What the task asks: In this exercise, write out the data word for word and leave every image out.

Stored data:

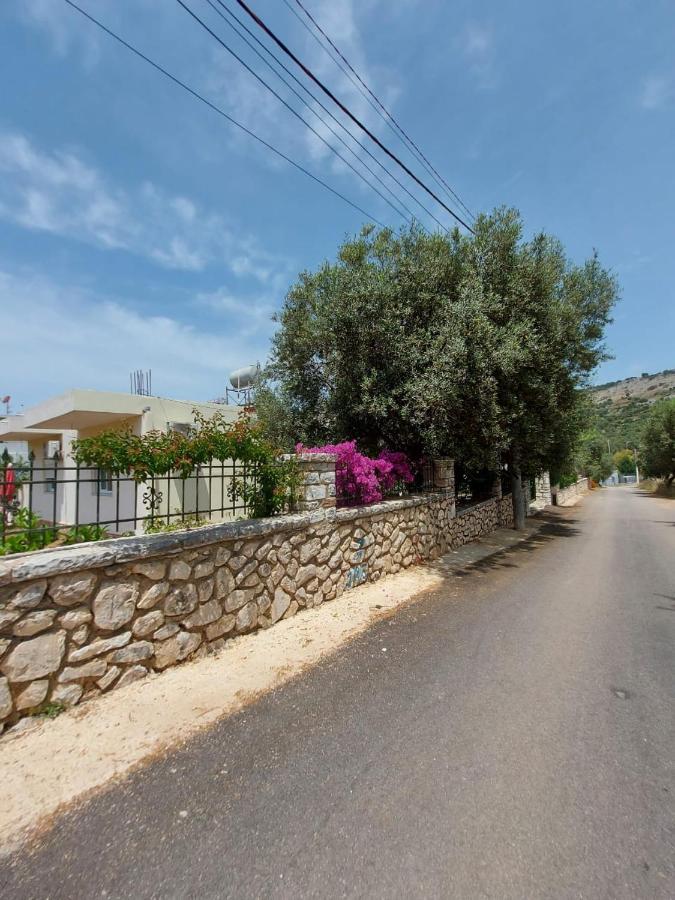 Vila Rexhaj Ksamil Exterior photo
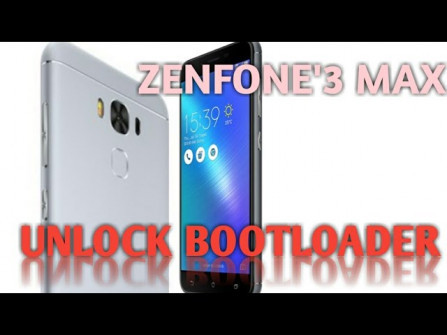 Asus zenfone 3 max zc553kl x00dd unlock -  updated March 2024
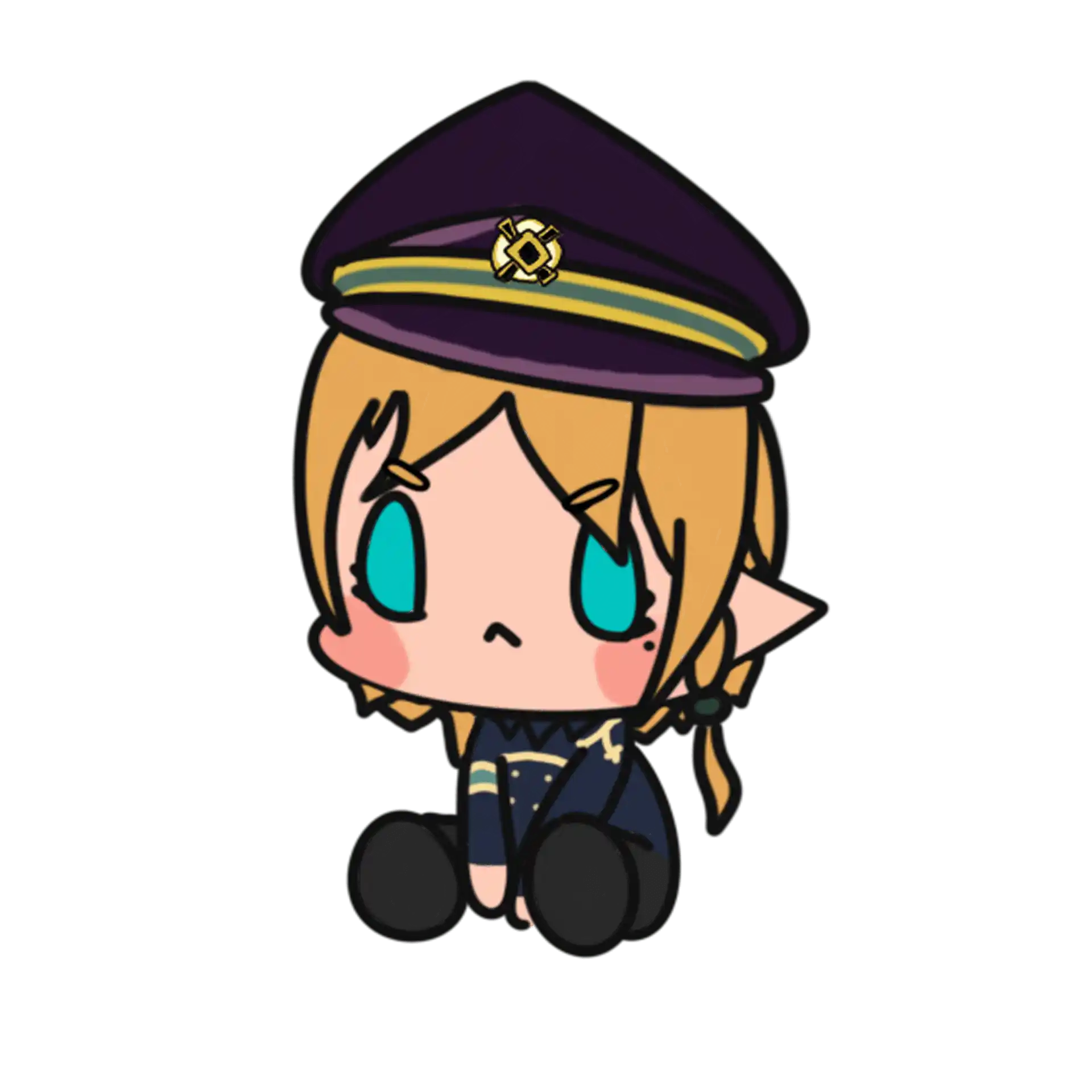 Myrthorn chibi character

Solution for this exercise:
 Vila Rexhaj Ksamil Exterior photo
 Asus zenfone 3 max zc553kl x00dd unlock -  updated March 2024
 Myrthorn chibi character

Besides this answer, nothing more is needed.